Sin embargo, gracias a Internet y redes sociales los desinformadores tienen una voz que en muchos casos adquiere una proyección mayor que la información verdaderamente legítima
Según una investigación de la revista Science, a través de las redes sociales la desinformación se propaga más rápidamente, y llega a más gente que las noticias reales.
Los verdaderos profesionales y medios están bajo códigos éticos y de responsabilidad hacia el público que deposita su confianza en ellos, no haciendo nada que pueda abusar de esta obligación. La verdad debe ser el objetivo final.
No se debería poder engañar consciente o inconscientemente al lector, espectador u oyente; como tampoco se debe hacer con los votantes. Hay que esforzarse por evitar cualquier compromiso de objetividad o imparcialidad.
“El Pueblo” tiene derecho a saber y “los medios” el derecho y la obligación de informar verazmente.

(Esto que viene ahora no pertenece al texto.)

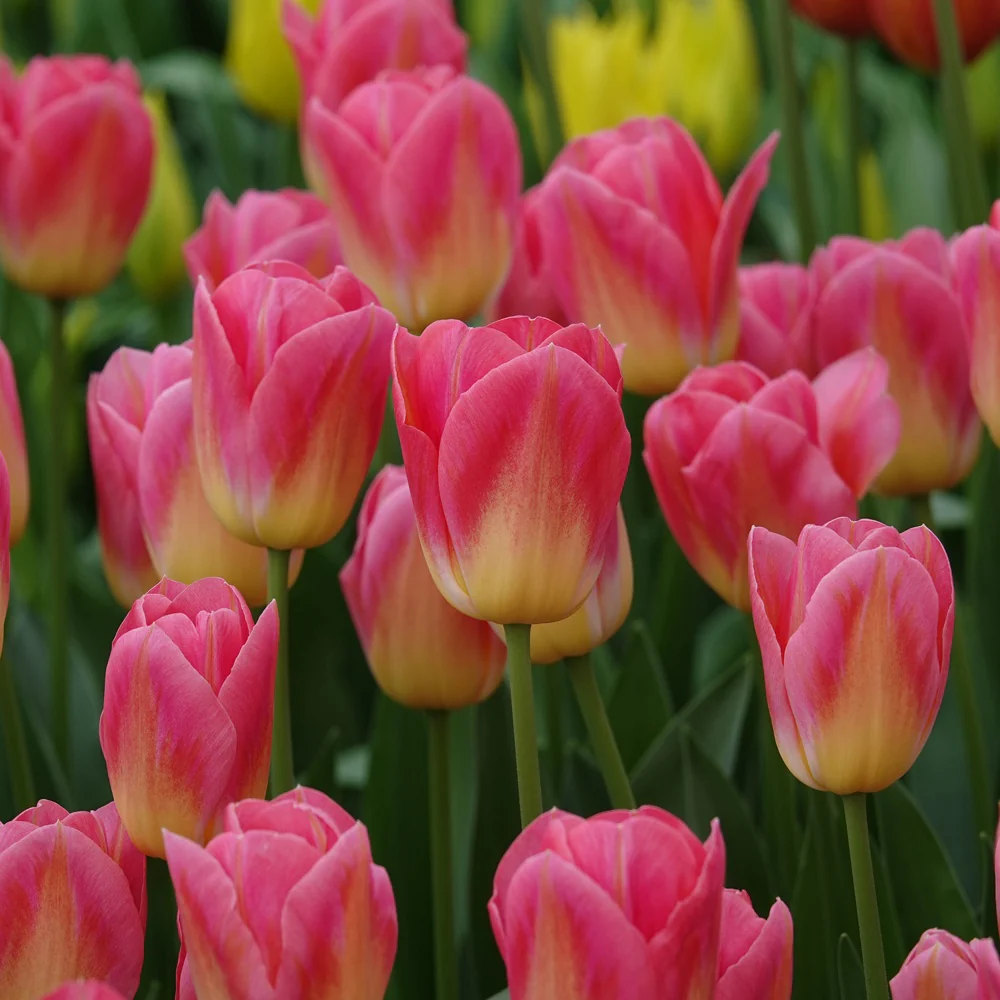 7 Tulipes Triomphe Tom Pouce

A los comunicadores corresponde utilizar esa libertad sabiamente y defender el derecho a expresar opiniones impopulares o, por el contrario, a estar de acuerdo con la mayoría, pero siempre desde los más altos estándares del desempeño de la comunicación de los hechos sin caer en la tentación de ser dirigidos por las especulaciones.
La libertad de prensa debe protegerse como un derecho inalienable de los ciudadanos de una sociedad libre. Según reciente encuesta de Pew Research Center también la mayoría de los norteamericanos lo entiende así. Demos gracias por ello.